Ukraine’s Finance Ministry is starting an in depth study of the impact of Russia’s new sanctions on the economy. Most of Ukraine’s economy has shifted away from Russia in the four years and eight months since the start of Russia’s military attacks on Ukraine. Last year Ukrainian companies exported $3.9 billion worth of goods to Russia. It is unclear how much of this trade will be affected by the new sanctions.
“How will this affect the macro-financial stability?” Kateryna Rozhkova, first deputy governor of National Bank of Ukraine, asked reporters Thursday. “I want to believe in no way.”
Timothy Ash writes from London: “Headline grabbing from Moscow, but unlikely to have any meaningful economic impact, as the volumes of trade with Russia have collapsed in recent years from 40-50% pre-Euromaidan, to the low teens at present.”
Concorde Capital’s Zenon Zawada writes: “With this list, the Kremlin is clearly delineating for the public who are its enemies among the Ukrainian political and business elite. Noticeably, it excludes Ukraine’s leading Russian-oriented politicians and oligarchs.”
Visiting Kyiv, German Chancellor Angela Merkel said Thursday she supports Russian guarantees of gas transit to Ukraine through the EU. Nord Stream 2, the new trans Baltic pipeline is to start pumping gas from Russia to Germany in early 2020. On Monday, Merkel said she does not plan to run again for office in the next federal election, in fall 2021.

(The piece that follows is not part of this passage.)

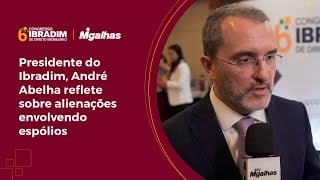 Presidente do Ibradim, André Abelha reflete sobre alienações envolvendo espólios Presidente do Ibradim, André Abelha reflete sobre alienações envolvendo espólios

Ukrtransgaz, the state-owned operator of the east-west pipeline system, reports that through September its net loss increased by 35% yoy, to $785 million. Transshipments of Russian gas to the EU have declined. Gazprom has threatened further cuts after the gas transshipment contract expires, 14 months from now.
German-Ukraine trade should increase ‘in the near future’ by almost 50%, to EUR 10 billion, Prime Minister Groysman said at a meeting with Chancellor Merkel in Kyiv. Bilateral trade this year is to hit EUR 7 billion. Groysman and Merkel are to meet again on Nov. 29 in Berlin when they give the keynote speeches for the Third German-Ukrainian Business Forum.
Merkel announced EUR 85 million vocational training so young Ukrainians have the skills needed in the modern workplace. In addition, she promised EUR 2 million to create ‘a center of excellence.’ She said: “It is very important that scientists have a chance to stay in Ukraine and not go abroad.” Merkel said that since 2014, Germany has allocated Ukraine EUR 490 million, largely to help the east — supporting internally displaced persons, demining and developing social infrastructure.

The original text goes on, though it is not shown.